At the same time the cover lid 15 has been released the control unit 12 of the emergency oxygen device incorporating an emergency light control unit 12a has activated the reading light 20 of the passenger service unit to illuminate the oxygen mask with a light beam 22. Said activation is made independently from the manual switch 21 for manual operation of the reading light in regular flight condition. The energy required for the activation process of the reading lights and for supply of the reading lights is taken from the emergency energy storage unit 30 of the emergency oxygen device and directly supplied to the reading light by passing the manual switch 21. Said energy is controlled such that it is supplied to the reading lights for a predetermined time interval of two minutes to allow the passenger easy handling of the oxygen masks after its release. Alternatively, the reading light is activated until the flow of oxygen is activated by a pulling action of the passenger via the oxygen masks or until a predetermined time interval after said activation has elapsed.

As can be seen in FIG. 2, the reading light give's a focused beam directed onto the oxygen mask to allow fast recognition of the oxygen masks by the passenger in an emergency situation.

Claims

1. Passenger service unit for passenger of an aircraft, comprising characterized by a light source connected to the emergency energy storage unit and an emergency light control unit adapted to activate said light source at the time the emergency oxygen device has been activated.

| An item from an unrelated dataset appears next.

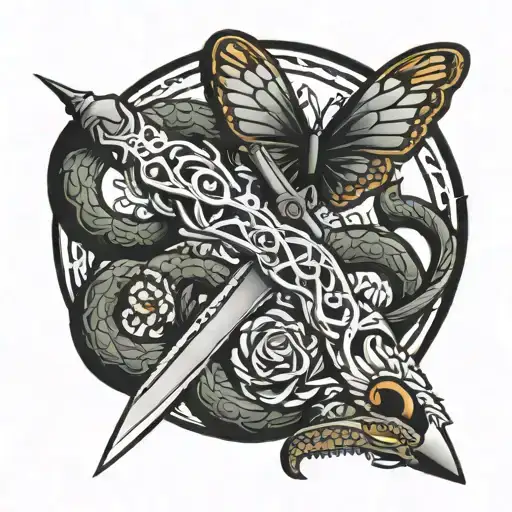 The Snake Wraps Itself Around The Butterfly Knife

an emergency oxygen device comprising an oxygen source, a control unit and means for delivering oxygen from the oxygen source to a passenger,

an emergency energy storage unit connected to the emergency oxygen device for providing energy to start and/or control oxygen supply in case of an emergency situation

2. Passenger service unit according to claim 1,

characterized in that the light source is adapted to be used as a reading light during non-emergency situations and is connected to a manual switch for activating said light source manually.

3. Passenger service unit according to claim 1,

characterized by a connecting terminal for connecting said light source to an onboard energy supply system of the aircraft.

4. Passenger service unit according to claim 1,

characterized by an energy harvesting element, in particular a photovoltaic element, a Peltier element or a mechano-electrical energy converter for converting vibrations of the passenger service unit into electrical energy, connected to the emergency energy storage unit for charging said emergency energy storage unit.

5. Passenger service unit according to claim 1,

characterized in that the emergency oxygen device further comprises an oxygen mask connected to said oxygen source via an oxygen tube, wherein said oxygen mask is stored within said passenger service unit behind a releasable cover lid,

said cover lid being fixed in a closed position during non-emergency situation and is adapted to be released from said closed position to provide access to the oxygen mask in an emergency situation,

wherein said emergency light control unit is adapted to activate said light source upon release of said cover lid.

6. Passenger service unit according to claim 5,

characterized in that the light source is arranged behind said cover lid.

7. Passenger service unit according to claim 1,

characterized in that the activated light source produces a light beam having a limited cross-sectional area and wherein an oxygen mask is arranged in a storage space and connected to the oxygen mask via a tube in such a position to hang down in a path after being released from the storage space in an emergency situation wherein said path is at least partially, preferably completely illuminated by the light beam of said light source.